- [PROBLEM DETAILS]: Find the line containing "Diana and Endymion" in the entries below. Restate it and each line after it, word for word, up to and including the line containing "A3 Family Planner".

Records drawn from a dataset:
-- Opening Marker --

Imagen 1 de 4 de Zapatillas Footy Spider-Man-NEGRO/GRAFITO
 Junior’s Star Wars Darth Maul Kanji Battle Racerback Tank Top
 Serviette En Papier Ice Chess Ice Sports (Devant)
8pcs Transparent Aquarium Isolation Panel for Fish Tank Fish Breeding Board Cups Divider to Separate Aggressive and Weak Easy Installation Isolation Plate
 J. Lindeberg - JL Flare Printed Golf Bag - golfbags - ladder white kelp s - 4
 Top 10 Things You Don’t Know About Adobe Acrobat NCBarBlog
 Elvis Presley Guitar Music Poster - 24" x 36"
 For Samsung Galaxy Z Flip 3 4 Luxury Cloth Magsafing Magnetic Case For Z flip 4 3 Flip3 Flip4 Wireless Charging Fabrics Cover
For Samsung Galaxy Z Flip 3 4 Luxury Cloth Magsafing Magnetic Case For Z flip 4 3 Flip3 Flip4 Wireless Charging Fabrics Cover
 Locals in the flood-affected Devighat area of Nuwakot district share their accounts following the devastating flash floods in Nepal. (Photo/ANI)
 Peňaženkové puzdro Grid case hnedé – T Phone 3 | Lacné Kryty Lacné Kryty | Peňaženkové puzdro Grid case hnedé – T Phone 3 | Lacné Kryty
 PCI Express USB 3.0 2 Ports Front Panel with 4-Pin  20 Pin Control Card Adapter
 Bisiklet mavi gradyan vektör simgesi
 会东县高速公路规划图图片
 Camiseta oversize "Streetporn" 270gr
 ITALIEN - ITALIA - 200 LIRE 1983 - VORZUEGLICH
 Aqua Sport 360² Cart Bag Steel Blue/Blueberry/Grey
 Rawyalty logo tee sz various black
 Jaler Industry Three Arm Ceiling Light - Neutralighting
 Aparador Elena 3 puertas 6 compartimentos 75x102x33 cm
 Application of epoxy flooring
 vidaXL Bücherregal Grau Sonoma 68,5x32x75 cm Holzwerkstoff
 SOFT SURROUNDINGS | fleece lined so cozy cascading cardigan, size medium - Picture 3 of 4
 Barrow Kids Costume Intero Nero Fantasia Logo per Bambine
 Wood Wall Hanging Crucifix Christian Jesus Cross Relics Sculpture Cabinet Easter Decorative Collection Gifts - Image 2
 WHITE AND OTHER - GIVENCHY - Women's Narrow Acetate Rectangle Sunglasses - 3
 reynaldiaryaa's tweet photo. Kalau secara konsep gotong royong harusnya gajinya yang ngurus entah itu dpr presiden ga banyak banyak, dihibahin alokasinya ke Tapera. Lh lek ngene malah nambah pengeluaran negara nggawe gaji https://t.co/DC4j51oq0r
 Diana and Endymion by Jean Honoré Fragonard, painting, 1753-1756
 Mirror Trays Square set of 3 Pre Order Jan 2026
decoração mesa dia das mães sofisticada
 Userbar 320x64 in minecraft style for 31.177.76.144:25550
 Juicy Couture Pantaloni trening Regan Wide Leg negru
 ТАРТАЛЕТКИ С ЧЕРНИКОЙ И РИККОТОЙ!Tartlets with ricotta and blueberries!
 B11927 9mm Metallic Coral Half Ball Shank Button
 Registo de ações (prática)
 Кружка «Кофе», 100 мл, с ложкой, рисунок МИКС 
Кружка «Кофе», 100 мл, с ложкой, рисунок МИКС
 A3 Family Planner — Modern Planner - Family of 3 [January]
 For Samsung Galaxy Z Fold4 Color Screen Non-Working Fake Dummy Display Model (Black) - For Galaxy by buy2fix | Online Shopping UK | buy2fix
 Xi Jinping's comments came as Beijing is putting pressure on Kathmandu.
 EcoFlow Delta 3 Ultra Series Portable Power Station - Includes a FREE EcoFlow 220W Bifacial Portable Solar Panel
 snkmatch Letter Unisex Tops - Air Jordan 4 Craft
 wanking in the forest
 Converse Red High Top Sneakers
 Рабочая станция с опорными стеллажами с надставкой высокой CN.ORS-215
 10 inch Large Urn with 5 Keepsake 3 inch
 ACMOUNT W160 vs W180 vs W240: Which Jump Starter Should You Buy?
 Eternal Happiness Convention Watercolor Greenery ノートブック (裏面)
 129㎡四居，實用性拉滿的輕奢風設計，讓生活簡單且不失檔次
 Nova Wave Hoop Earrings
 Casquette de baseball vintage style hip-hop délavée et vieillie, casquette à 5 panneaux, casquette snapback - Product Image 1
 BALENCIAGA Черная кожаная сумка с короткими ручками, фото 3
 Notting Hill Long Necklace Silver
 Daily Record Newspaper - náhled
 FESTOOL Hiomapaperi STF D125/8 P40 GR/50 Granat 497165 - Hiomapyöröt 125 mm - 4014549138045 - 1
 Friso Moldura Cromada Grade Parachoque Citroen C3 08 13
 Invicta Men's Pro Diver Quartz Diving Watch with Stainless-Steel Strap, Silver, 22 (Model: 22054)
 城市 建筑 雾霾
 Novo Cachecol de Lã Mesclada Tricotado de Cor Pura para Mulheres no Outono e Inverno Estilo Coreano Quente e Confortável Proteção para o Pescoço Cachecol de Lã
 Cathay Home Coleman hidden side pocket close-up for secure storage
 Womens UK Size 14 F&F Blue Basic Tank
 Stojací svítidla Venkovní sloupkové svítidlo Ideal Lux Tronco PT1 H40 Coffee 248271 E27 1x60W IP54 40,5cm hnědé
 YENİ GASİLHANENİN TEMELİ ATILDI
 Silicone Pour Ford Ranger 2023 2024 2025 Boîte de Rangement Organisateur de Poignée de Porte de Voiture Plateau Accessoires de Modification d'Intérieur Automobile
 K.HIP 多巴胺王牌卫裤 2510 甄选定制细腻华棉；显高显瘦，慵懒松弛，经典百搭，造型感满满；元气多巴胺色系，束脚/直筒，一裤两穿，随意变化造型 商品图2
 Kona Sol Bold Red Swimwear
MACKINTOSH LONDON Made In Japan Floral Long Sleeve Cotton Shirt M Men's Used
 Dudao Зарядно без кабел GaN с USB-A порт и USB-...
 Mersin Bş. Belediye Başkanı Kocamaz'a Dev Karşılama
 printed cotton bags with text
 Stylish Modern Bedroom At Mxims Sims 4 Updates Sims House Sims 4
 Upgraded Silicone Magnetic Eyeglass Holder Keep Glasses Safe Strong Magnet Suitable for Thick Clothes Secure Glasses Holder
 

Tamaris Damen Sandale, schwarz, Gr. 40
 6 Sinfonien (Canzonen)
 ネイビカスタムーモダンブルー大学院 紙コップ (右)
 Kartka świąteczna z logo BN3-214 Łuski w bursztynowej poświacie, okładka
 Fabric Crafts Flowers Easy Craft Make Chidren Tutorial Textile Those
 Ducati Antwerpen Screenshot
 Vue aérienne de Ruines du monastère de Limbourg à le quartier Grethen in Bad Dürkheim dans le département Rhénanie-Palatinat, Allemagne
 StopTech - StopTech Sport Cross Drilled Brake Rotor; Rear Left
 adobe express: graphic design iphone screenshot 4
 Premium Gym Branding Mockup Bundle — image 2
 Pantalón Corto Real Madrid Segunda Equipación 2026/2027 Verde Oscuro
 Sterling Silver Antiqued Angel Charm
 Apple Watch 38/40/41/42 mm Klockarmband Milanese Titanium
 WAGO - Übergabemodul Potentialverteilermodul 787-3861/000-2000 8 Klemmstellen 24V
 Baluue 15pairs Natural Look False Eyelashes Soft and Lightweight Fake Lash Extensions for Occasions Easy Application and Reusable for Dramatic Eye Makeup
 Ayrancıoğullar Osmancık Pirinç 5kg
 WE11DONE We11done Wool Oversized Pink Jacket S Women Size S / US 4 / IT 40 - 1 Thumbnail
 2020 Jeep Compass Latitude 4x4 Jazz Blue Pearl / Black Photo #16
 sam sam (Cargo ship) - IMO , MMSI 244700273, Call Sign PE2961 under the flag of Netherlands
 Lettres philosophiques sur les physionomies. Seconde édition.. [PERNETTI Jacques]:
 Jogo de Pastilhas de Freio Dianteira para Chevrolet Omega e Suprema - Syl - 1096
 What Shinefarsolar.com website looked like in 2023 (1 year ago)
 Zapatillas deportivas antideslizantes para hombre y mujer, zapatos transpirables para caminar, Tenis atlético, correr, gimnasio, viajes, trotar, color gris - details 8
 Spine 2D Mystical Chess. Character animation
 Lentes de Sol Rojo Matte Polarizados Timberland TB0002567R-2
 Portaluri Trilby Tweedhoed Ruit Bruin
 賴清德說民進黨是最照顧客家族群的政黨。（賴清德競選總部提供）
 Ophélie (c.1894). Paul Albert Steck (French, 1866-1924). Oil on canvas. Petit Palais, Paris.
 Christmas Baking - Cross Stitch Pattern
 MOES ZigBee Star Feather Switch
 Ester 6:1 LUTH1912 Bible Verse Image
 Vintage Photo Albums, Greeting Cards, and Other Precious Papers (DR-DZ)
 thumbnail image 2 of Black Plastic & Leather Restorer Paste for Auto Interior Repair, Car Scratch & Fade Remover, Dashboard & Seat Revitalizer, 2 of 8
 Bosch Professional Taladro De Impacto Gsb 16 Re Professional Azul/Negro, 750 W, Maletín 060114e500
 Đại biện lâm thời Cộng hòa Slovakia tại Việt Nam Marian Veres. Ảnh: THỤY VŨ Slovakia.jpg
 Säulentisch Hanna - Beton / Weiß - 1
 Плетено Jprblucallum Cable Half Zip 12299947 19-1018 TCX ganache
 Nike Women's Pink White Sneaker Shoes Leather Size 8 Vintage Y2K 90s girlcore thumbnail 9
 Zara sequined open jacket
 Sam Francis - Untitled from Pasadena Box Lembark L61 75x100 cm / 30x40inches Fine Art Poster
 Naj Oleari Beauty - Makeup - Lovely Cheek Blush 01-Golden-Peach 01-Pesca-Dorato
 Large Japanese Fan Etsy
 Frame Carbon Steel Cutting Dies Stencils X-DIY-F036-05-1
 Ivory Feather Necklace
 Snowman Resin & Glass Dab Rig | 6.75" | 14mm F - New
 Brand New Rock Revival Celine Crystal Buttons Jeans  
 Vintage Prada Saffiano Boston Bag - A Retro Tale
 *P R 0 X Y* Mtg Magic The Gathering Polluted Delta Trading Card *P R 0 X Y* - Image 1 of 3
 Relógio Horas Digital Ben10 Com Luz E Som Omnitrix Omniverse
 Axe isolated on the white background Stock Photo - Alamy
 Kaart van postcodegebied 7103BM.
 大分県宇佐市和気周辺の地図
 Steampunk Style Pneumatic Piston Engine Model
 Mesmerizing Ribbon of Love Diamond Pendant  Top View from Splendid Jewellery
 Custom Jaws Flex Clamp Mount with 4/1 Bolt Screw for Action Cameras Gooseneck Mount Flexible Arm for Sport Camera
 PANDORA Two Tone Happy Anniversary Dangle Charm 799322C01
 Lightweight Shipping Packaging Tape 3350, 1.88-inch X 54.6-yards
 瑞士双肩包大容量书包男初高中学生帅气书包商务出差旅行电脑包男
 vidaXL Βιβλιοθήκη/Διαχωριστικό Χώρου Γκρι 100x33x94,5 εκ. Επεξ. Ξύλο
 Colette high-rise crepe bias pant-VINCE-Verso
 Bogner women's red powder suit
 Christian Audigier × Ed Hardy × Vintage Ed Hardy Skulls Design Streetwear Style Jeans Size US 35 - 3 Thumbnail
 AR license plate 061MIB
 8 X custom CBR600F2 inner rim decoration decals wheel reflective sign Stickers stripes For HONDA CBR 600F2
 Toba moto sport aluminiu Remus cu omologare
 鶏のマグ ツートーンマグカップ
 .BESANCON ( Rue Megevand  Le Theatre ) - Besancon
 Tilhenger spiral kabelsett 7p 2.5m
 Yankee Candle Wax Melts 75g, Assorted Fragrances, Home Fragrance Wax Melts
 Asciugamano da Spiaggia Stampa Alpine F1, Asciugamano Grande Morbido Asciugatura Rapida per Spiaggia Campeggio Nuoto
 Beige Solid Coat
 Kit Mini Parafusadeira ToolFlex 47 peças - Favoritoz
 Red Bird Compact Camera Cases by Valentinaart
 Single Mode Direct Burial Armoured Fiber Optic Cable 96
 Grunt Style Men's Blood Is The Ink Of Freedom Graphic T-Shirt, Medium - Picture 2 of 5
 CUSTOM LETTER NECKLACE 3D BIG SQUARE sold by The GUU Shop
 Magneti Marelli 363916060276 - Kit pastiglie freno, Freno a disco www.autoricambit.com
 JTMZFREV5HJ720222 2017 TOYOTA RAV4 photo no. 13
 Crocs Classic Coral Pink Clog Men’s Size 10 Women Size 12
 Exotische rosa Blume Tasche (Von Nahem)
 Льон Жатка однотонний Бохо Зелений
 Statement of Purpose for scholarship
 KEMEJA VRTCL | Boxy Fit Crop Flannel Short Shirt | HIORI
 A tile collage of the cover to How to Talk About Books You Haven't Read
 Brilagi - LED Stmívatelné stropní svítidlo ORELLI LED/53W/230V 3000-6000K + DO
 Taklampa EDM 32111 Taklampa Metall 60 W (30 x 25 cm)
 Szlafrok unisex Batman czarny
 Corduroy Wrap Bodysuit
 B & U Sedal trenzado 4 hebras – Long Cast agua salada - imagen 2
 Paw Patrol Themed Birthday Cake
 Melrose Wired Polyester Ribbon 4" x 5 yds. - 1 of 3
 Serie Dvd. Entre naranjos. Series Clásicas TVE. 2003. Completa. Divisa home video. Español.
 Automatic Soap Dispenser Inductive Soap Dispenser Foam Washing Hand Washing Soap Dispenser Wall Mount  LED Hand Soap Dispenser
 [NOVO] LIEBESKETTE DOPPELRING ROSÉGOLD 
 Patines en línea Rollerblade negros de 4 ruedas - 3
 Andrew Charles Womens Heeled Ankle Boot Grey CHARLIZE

-- Closing Marker --

- [ANSWER BELOW]:
 Diana and Endymion by Jean Honoré Fragonard, painting, 1753-1756
 Mirror Trays Square set of 3 Pre Order Jan 2026
decoração mesa dia das mães sofisticada
 Userbar 320x64 in minecraft style for 31.177.76.144:25550
 Juicy Couture Pantaloni trening Regan Wide Leg negru
 ТАРТАЛЕТКИ С ЧЕРНИКОЙ И РИККОТОЙ!Tartlets with ricotta and blueberries!
 B11927 9mm Metallic Coral Half Ball Shank Button
 Registo de ações (prática)
 Кружка «Кофе», 100 мл, с ложкой, рисунок МИКС 
Кружка «Кофе», 100 мл, с ложкой, рисунок МИКС
 A3 Family Planner — Modern Planner - Family of 3 [January]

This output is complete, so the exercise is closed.